── DATA PROVIDED

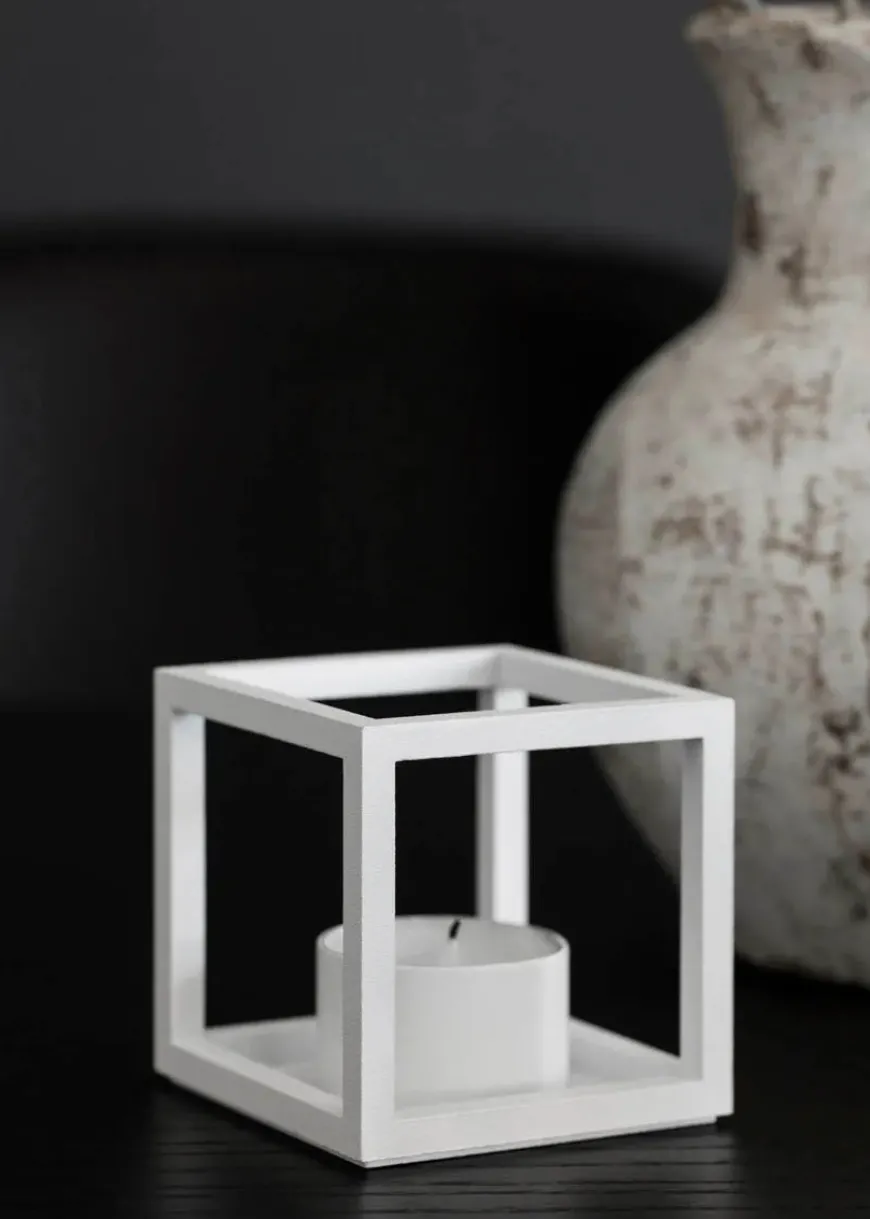 Kubus T Lysestage, sort fra Audo Copenhagen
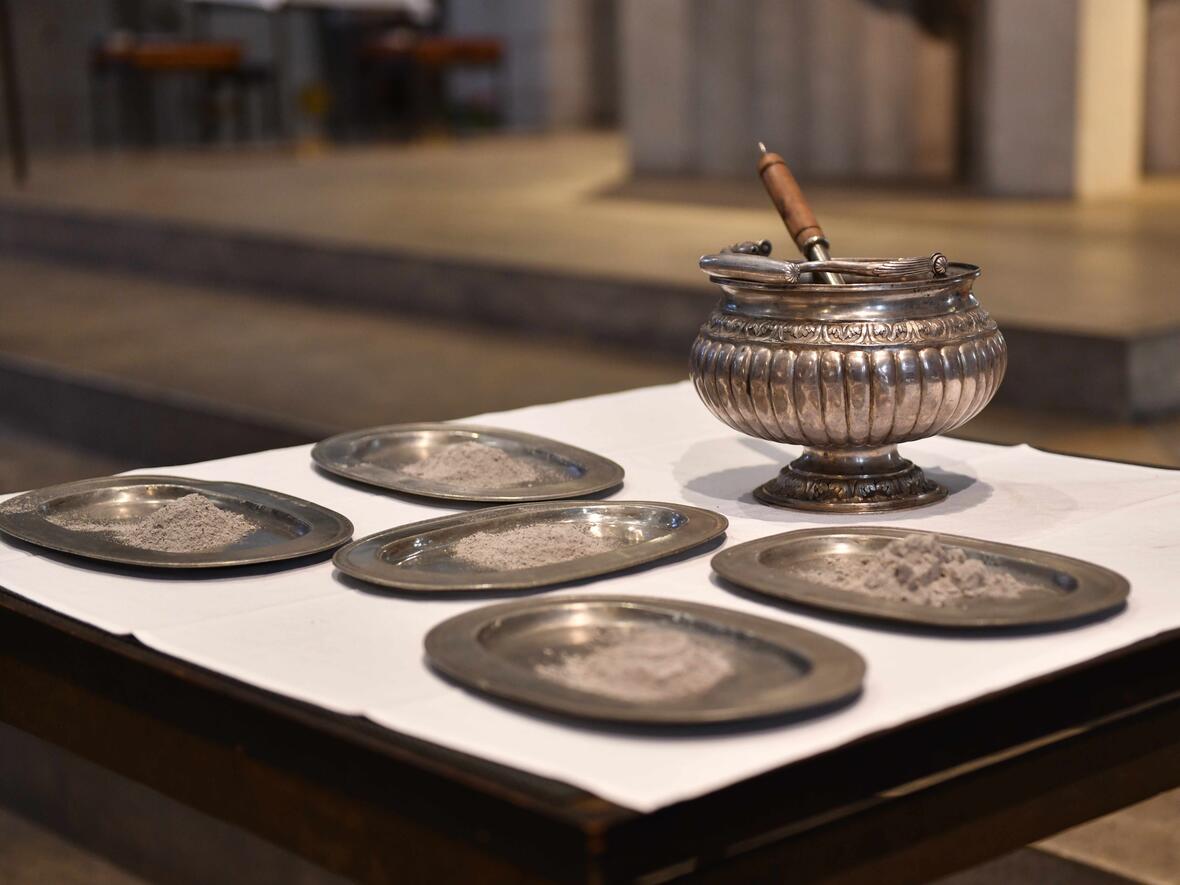 Asche im Augsburger Dom. (Foto: Maria Rösch / pba) 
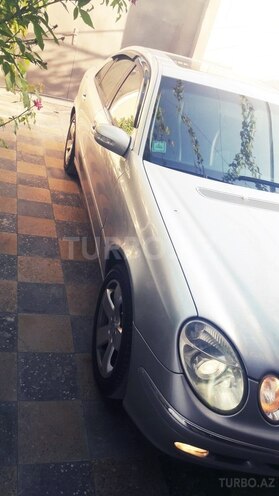 Mercedes E 320 2004, 205,000 km - 3.2 l - Bakı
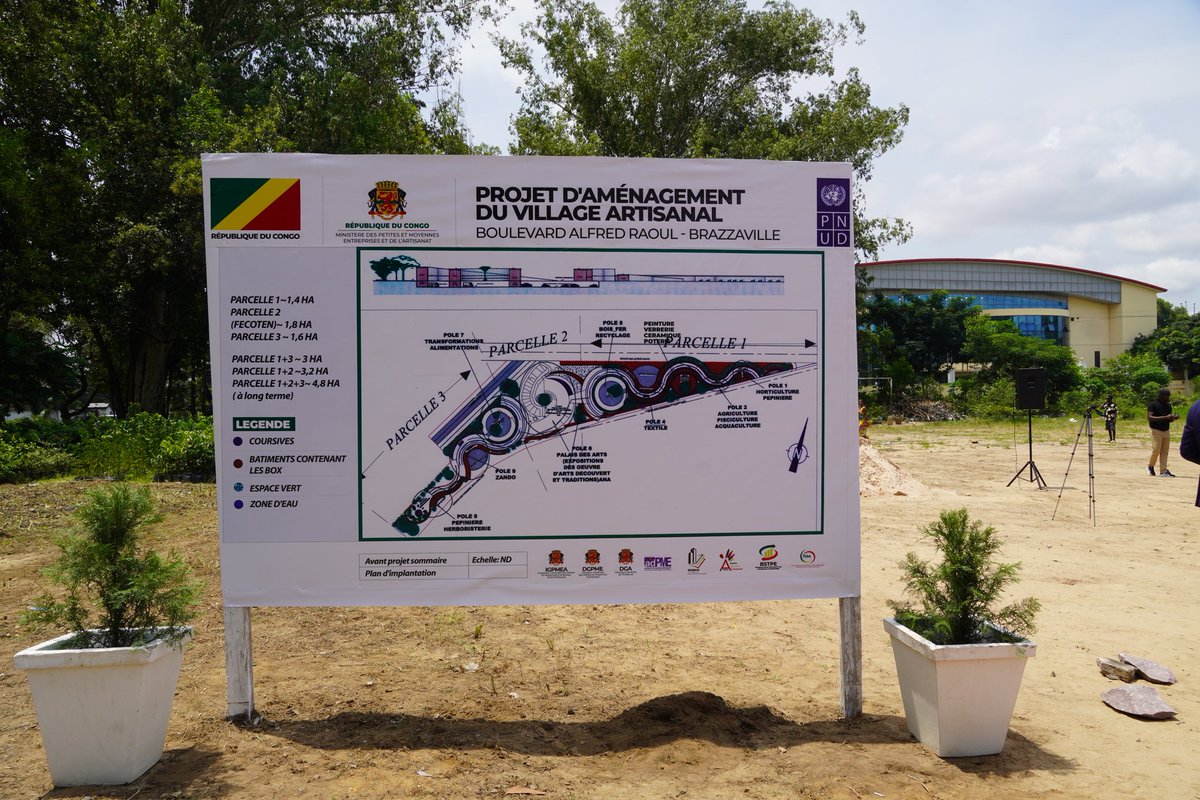 PNUDRepduCongo's tweet image. Bientôt un village artisanal 📍 Brazzaville sur un espace de 4,8 hectares au cœur de la capitale verdoyante. Prennant la parole à la pose de la 1ere pierre de la construction du Village Artisanal de Brazzaville sous le patronage de @mikoloofficiel Ministre des #PME et de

────

● TASK STATEMENT
Output all the data, exactly, without images.

● RESULT FOR THIS EXERCISE
 Kubus T Lysestage, sort fra Audo Copenhagen
 Asche im Augsburger Dom. (Foto: Maria Rösch / pba) 
 Mercedes E 320 2004, 205,000 km - 3.2 l - Bakı
 PNUDRepduCongo's tweet image. Bientôt un village artisanal 📍 Brazzaville sur un espace de 4,8 hectares au cœur de la capitale verdoyante. Prennant la parole à la pose de la 1ere pierre de la construction du Village Artisanal de Brazzaville sous le patronage de @mikoloofficiel Ministre des #PME et de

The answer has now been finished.